Neural network-based TTS model

We present the training process of an End-to-end neural network-based TTS model and its optimization

ML Model

BME-DNN-TTS-M6deliv-all-RA73.zip

Developed by

Budapest University of Technology and Economics (BME)

License

3-clause BSD license (BSD-3-Clause)

Main Characteristic

One of the novel neural network-based text-to-speech (TTS) methods is Tacotron2 which is quite flexible as an adaptive TTS system. It is the first component of an end-to-end system, but it is tested and published by the authors with a 22kHz training dataset. In order to use this system as a TTS component in a real environment, we started to optimize it. Two different goals were set at the beginning: Firstly to reach at least a real-time or faster system, and secondly to determine a resource-efficient training environment. This asset presents this training process.

Research areas

Collaborative AI

Technical Categories

Audio processing Machine learning Natural language processing

Keywords

Last updated

12.06.2021 - 12:33

Detailed Description

Format: Pytorch

Install & Run: Please ensure you have installed Pytorch.
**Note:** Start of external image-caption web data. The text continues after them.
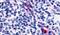 C-X-C Motif Chemokine Receptor 6 antibody, PA5-33461, Invitrogen Antibodies, Immunohistochemistry frozen image 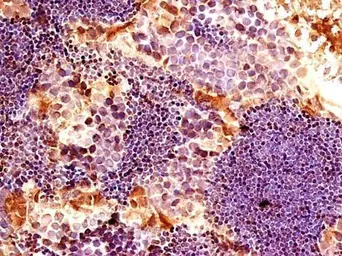 Anti-EIF4A1 antibody [N2C2], Internal used in IHC (Paraffin sections) (IHC-P). GTX114910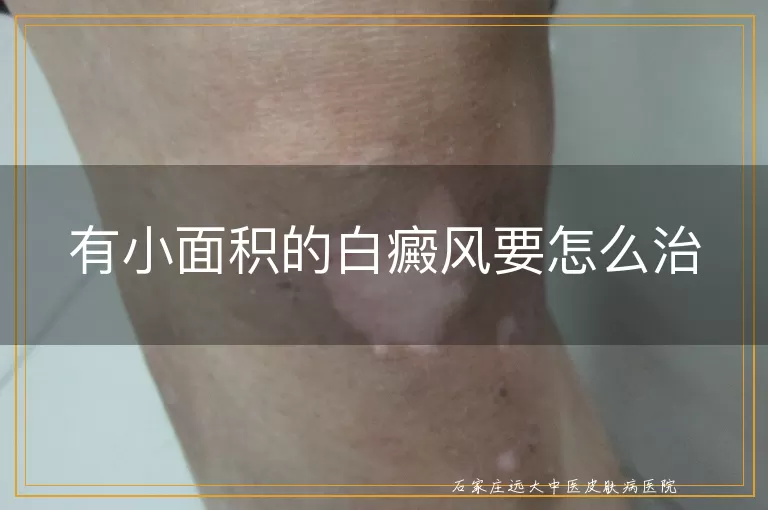有小面积的白癜风要怎么治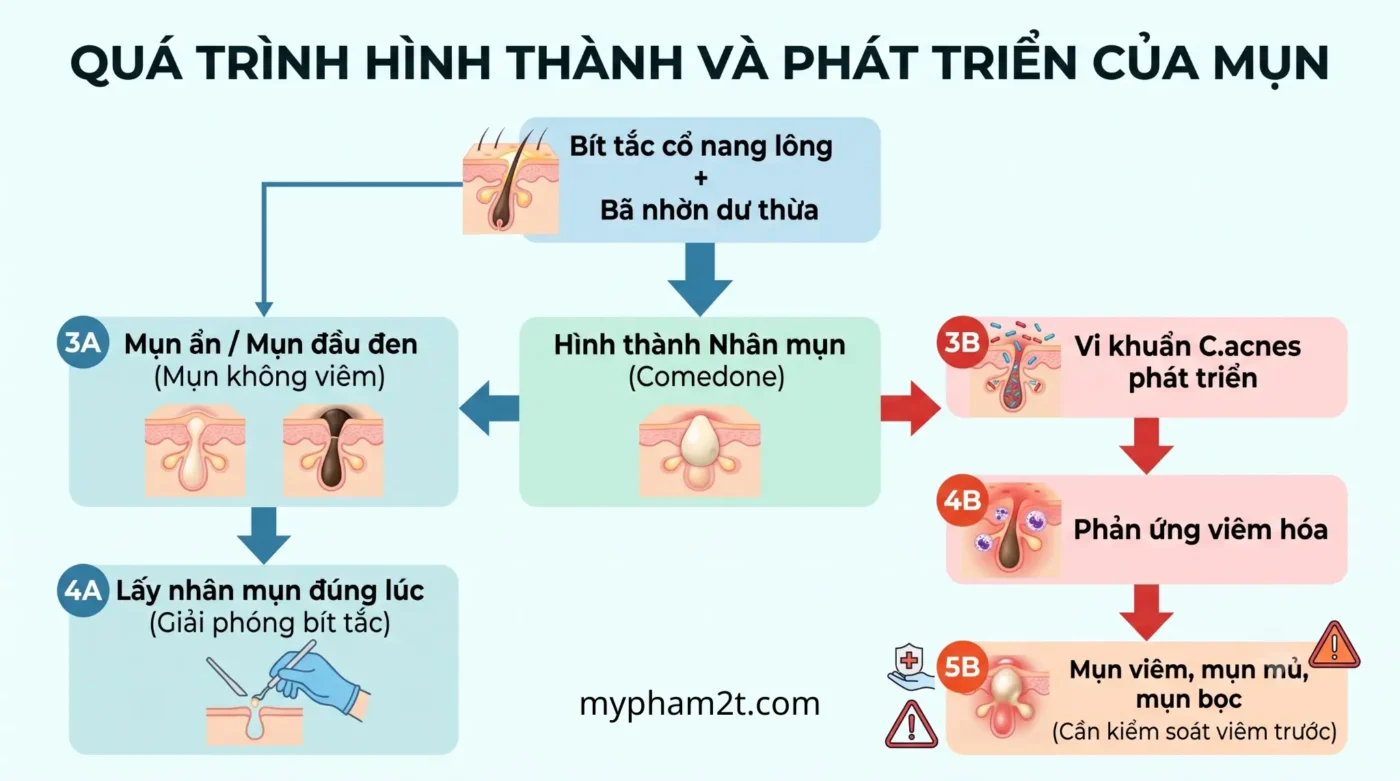 Phác Đồ Lấy Nhân Mụn Chuẩn Y Khoa Hạn Chế Thâm Sẹo Cho Spa 1 Qua Trình Hình Thành Và Phát Triển Của Mụn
Additional information: There were three systems, a small and a big desktop system and a server one. The oldest GPU is based on the NVIDIA® Maxwell™ architecture, the other one on the Pascal™ architecture, and in the server machine, the GPU uses the Volta™ architecture. The training dataset was LJSpeech 1.1. The test environment was a server configuration with the following main components:

* GPU: NVIDIA Tesla V100 (16 GB)
* CPU: 2.0 GHz Intel® Xeon® Platinum 8167M
* Number of GPUs: 8
* Number of CPU’s cores: 52
* System memory: 768 Gbyte
* OS: Ubuntu 16.04

References:
https://www.ai4europe.eu/sites/default/files/2021-05/BME-DNN-TTS-M6deliv-all-RA73.pdf

Documents

General documentation

Trustworthy AI

The provided information is trustworthy. The quality depends on user data.

GDPR Requirements

This a general framework and GDPR related data are not included.